For different components of a traineddata file, See

https://github.com/tesseract-ocr/tesseract/blob/master/doc/combine_tessdata.1.asc

For creating 4.0 compatible box files see

https://github.com/tesseract-ocr/langdata/issues/83#issuecomment-375247341

https://github.com/tesseract-ocr/tesseract/wiki/4.0-with-LSTM#training-tesseract-lstm-engine

Please note that all these are unsupported options.

ShreeDevi
____________________________________________________________
भजन - कीर्तन - आरती @ http://bhajans.ramparivar.com

--
You received this message because you are subscribed to the Google Groups "tesseract-ocr" group.
To unsubscribe from this group and stop receiving emails from it, send an email to tesseract-ocr+unsubscribe@googlegroups.com.
To post to this group, send email to tesser...@googlegroups.com.
Visit this group at https://groups.google.com/group/tesseract-ocr.
To view this discussion on the web visit https://groups.google.com/d/msgid/tesseract-ocr/bc664de6-5386-45b3-ae4d-70ac5338938c%40googlegroups.com.
For more options, visit https://groups.google.com/d/optout.

denni...@berkeley.edu

unread,

Apr 15, 2018, 3:06:21 AM4/15/18

to tesseract-ocr

Hi shree,

Thanks for your reply.
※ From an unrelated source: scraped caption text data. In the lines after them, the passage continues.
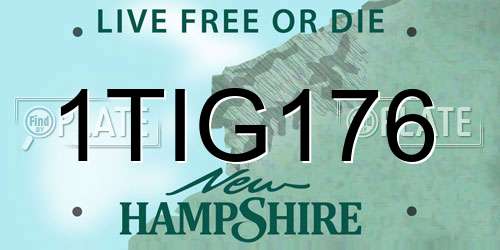 1TIG176 New Hampshire License Plate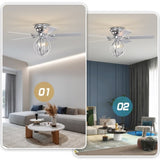 ZUN 5-blade 52-inch Chrome Ceiling Fan with 3-Light W1592P163922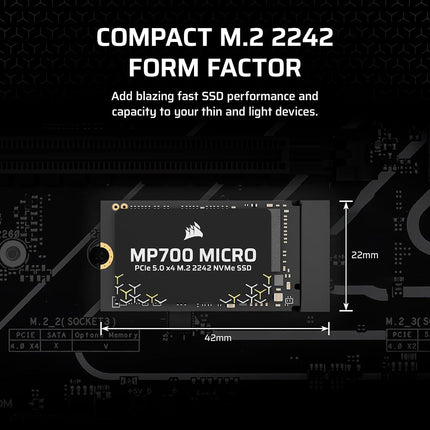 Corsair MP700 MICRO 4TB PCIe 5.0 NVMe M.2 2242 SSD – Up to 9,400 MB/s Read, 8,100 MB/s Write – Gen5 Speed for Laptops & Mini PCs – Black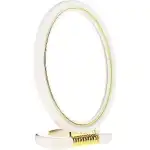 Make-up mirror with magnifying glass and foot, plastic, white, Top Choice, 14 x 11 cm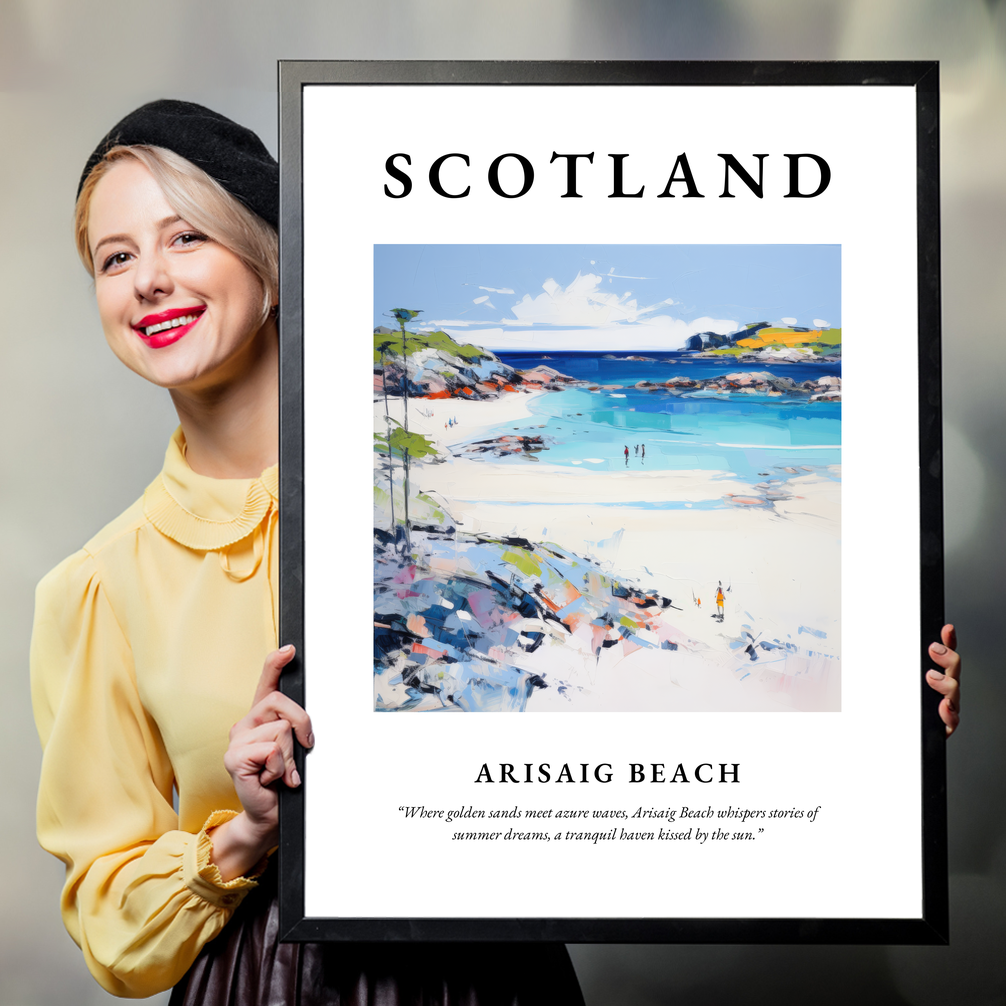 Person holding a poster of Arisaig Beach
Is there any option to use tesstrain.sh in tesseract 4.0 to generate the traineddata and lstm files using the image and boxfiles? Or do I still have to go through the process as listed in the Tesseract 3.0 instructions? In which case, I would be able to generate the traineddata file (and the unicharset file, I think), but not the lstm file. How can I generate this lstm file? Is there a tool I can use?

Thanks again,

Dennis

On Friday, April 13, 2018 at 5:19:47 AM UTC-7, shree wrote:

training Tesseract 4.0 from images is not officially .supported . Different people have had success in doing LSTM training with box/tiff pairs. but it requires hacks/programming on their part to create 4.0.0 compatible box files.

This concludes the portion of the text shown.